Canon Lunney said Ipswich Crematorium's West Chapel had been specially opened to accommodate the large gathering expected – including Town greats such Allan Hunter, Mick Mills, John Wark and Roger Osborne – along with former Blues boss Bobby Ferguson and coach Charlie Woods.

Sir Bobby Robson, who appointed Ron as chief scout in 1970, flew down from Newcastle to lead the tributes to a dearly loved friend.

During his 17 years at Ipswich Town, Ron was responsible for recruiting top senior players such as former Northern Ireland captain Hunter and a wealth of youth talent including Dalian Atkinson, Mark Brennan and Micky Stockwell.

"Ron had such a great eye for a player and he was a wonderful friend of mine.

"He played an excellent role at Ipswich Town over many years," said Sir Bobby, who brought an England team to Portman Road in 1985 for Ron's testimonial game. "His appointment was one that I'm proud of. He did a super job over a long period at a time when we enjoyed great success.

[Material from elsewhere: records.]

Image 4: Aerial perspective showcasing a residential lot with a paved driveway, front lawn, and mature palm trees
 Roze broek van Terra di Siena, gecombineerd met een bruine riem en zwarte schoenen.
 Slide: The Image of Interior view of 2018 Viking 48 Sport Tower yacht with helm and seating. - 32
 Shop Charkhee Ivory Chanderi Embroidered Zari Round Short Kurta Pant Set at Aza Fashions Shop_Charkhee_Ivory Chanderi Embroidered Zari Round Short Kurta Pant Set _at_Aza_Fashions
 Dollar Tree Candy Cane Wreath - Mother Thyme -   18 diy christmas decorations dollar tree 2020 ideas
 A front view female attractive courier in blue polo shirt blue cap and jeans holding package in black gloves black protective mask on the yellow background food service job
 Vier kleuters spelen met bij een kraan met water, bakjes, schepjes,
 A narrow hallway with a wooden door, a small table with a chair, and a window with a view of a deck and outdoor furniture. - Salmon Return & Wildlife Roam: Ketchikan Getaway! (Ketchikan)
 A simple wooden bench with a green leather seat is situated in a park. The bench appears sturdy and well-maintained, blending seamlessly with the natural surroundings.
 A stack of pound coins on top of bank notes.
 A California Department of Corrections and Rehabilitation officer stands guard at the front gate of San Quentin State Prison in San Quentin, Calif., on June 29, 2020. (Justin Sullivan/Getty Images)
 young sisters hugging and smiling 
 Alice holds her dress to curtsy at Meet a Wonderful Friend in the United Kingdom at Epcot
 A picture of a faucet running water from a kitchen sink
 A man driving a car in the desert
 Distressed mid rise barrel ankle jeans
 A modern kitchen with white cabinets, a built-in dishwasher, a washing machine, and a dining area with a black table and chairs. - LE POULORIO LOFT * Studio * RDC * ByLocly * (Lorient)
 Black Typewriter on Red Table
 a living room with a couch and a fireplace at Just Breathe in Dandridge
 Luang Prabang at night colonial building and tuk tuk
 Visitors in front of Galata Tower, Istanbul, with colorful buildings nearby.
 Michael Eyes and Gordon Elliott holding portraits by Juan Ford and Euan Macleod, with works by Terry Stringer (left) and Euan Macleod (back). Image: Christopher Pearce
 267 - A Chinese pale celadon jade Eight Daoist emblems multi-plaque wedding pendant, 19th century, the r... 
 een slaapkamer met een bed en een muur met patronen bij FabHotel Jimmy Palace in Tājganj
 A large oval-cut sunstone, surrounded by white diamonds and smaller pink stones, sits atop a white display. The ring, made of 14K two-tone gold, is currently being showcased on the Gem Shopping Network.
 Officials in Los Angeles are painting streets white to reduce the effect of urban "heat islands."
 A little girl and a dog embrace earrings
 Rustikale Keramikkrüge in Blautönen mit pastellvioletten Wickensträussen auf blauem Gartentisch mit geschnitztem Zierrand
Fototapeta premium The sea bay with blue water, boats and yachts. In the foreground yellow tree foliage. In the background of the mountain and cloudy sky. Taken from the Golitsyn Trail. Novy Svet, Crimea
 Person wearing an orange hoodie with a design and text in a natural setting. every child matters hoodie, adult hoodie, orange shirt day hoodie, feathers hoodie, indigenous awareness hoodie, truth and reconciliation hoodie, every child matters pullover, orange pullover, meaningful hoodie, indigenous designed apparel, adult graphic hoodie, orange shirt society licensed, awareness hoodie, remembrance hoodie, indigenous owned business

"We had a very good scouting network that included the likes of George Findlay in Scotland and others. Ron was at the centre of it. It was the envy of other clubs.

"He was a real large as life character."

Players, including ex-defender Allan Hunter, described him as "a father figure". Former boss George Burley and chairman David Sheepshanks were unable to attend but sent tributes to be read out among many during the service.

Hymns at the service included The Lord is My Shepherd and Guide Me, O thou great Redeemer.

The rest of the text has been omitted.